The moment derived much of its symbolic power from Allen’s long, checkered racial history. Soon, there was fresh attention for stories about how Allen had once hung a noose in his office (part of a Western motif, he said); voted against a Martin Luther King Jr. state holiday (a holiday he later embraced); had a Confederate flag in his home (part of a flag collection, he explained); had been accused of hurling racial epithets in college (which he denied); and wore a Confederate flag pin in his high school yearbook photo (just a symbol of rebellion, he maintained).
The footage of him as a Senate candidate picking on a college student, meanwhile, fed into the latent bullying image of Allen that his sister had outlined in her unflattering 2000 memoir, Fifth Quarter. On the same page that she described him hurling his brother, Bruce, through a sliding-glass door because he failed to go to bed on time, she wrote that Allen’s favorite TV show had been Hee Haw and “the big, slow-witted Junior” his favorite character. “There was also something mildly country-thuggish about Junior that I think George felt akin to,” she wrote.
So, “macaca” stuck. Exit polls later showed that 37 percent of voters believed that Allen did not “respect minorities.” Of that group, an astounding 92 percent voted for his Democratic opponent, former Navy Secretary Jim Webb. In the end, Allen lost to Webb by fewer than 10,000 votes out of more than 2.3 million cast.
The margin was so close that Allen could have demanded a recount at taxpayer expense. With control of the Senate in the balance, he faced pressure from the nation’s “highest Republican leaders” to do so, according to an Allen adviser at the time. But Allen declined. Recounts are ugly, messy affairs; he was busy drafting a concession speech that foreshadowed a political future.
“Sometimes winds—political or otherwise—can blow the leaves off branches and even break limbs,” Allen said as he conceded, standing beside his wife, Susan. “But a deep-rooted tree will stand, stay standing, will regrow in the next season.”
Allen’s fall from grace was stunning—in both its distance and its velocity.

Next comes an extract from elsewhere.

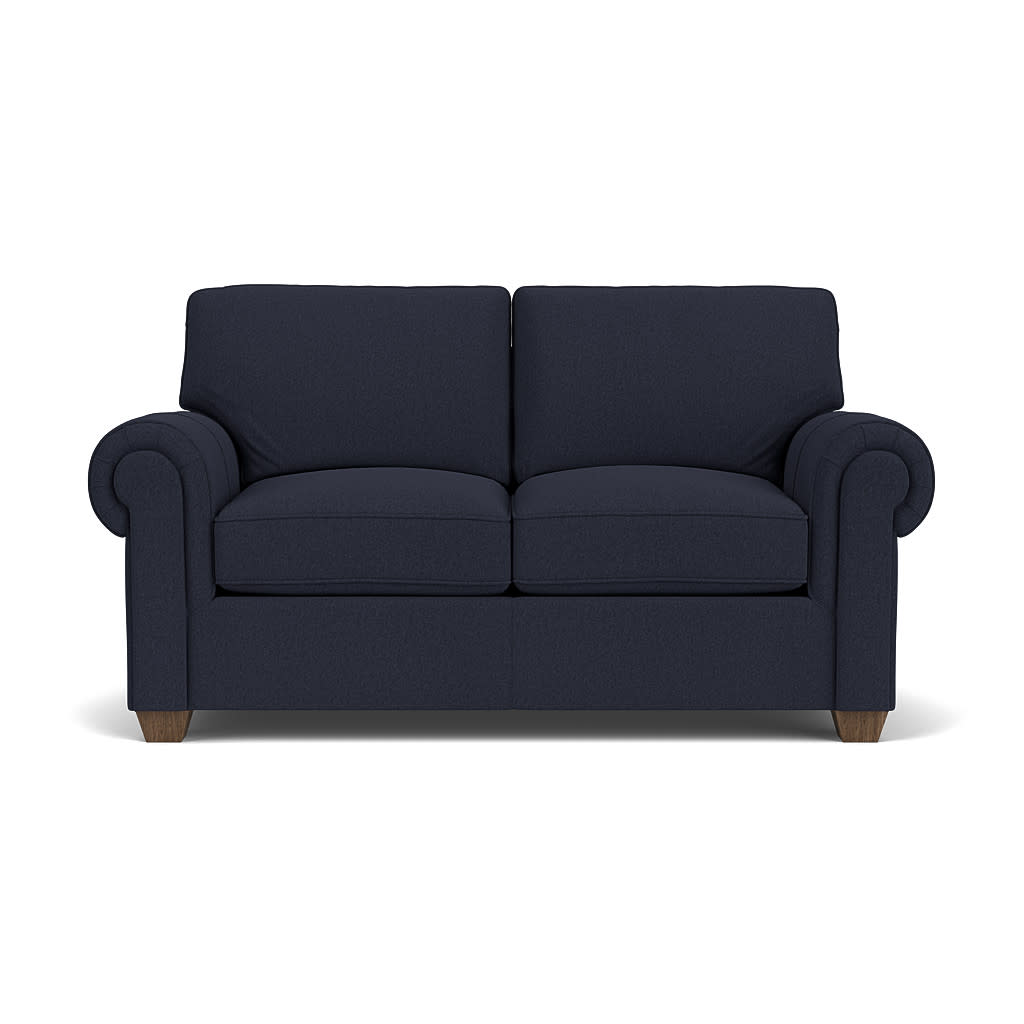 Carson Leather Loveseat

There is no parallel in the last decade, save for those politicians, like Eliot Spitzer or John Edwards, whose national ambitions were snuffed out in sex scandals. Allen hadn’t yet completed his first Senate term in 2005, but he was already being cast as the next great Republican presidential hopeful. “He combines the people skills of Bill Clinton with the convictions of a Ronald Reagan, with the nonthreatening persona of George W. Bush circa 2000,” National Review Editor Richard Lowry famously gushed.

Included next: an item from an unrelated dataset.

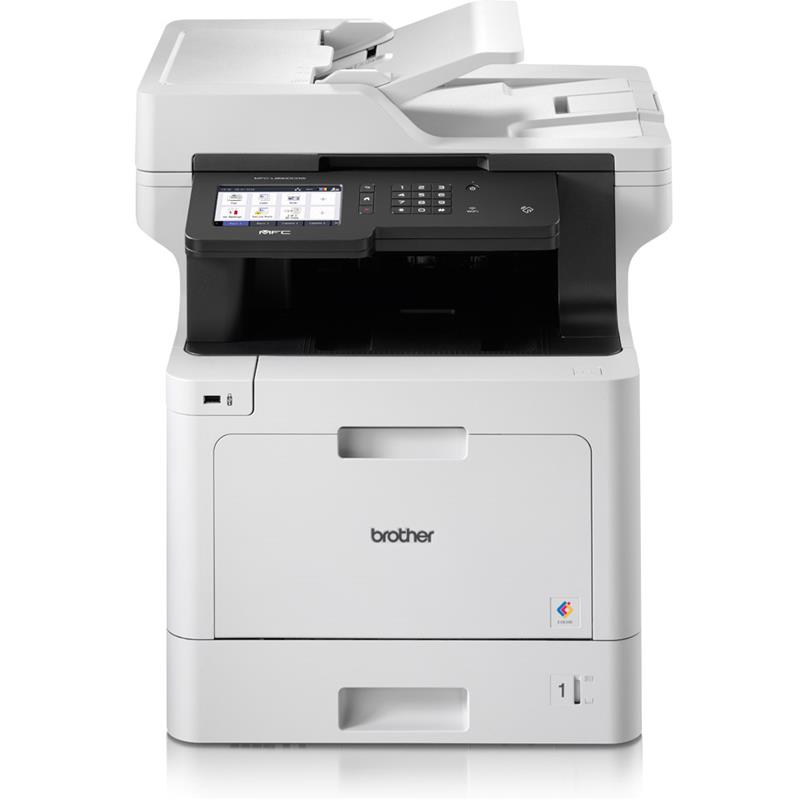 Product image for Brother MFC-L8900CDW A4 Colour Multifunction Laser Printer - Small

Allen’s every move was refracted through the presidential lens. His name was included in Gallup’s presidential polling; his travel itinerary, with swings across Iowa and New Hampshire heavily scrutinized. He won the 2006 straw poll at the Conservative Political Action Conference, the Super Bowl of annual conservative gatherings. Allen’s hiring of strategist Dick Wadhams, who had engineered the ouster of Democrat Tom Daschle as Senate majority leader in 2004, was widely seen as the first step in assembling a national campaign team. Wadhams himself was given the presidential treatment, hailed by Slate at one point as “Karl Rove’s heir apparent,” with Allen cast as Wadhams’s Bush.
By December 2005, an NJ poll of 100 political insiders pegged Allen as the No. 1 pick to lead the GOP in 2008, ahead of John McCain and Mitt Romney, who finished second and third.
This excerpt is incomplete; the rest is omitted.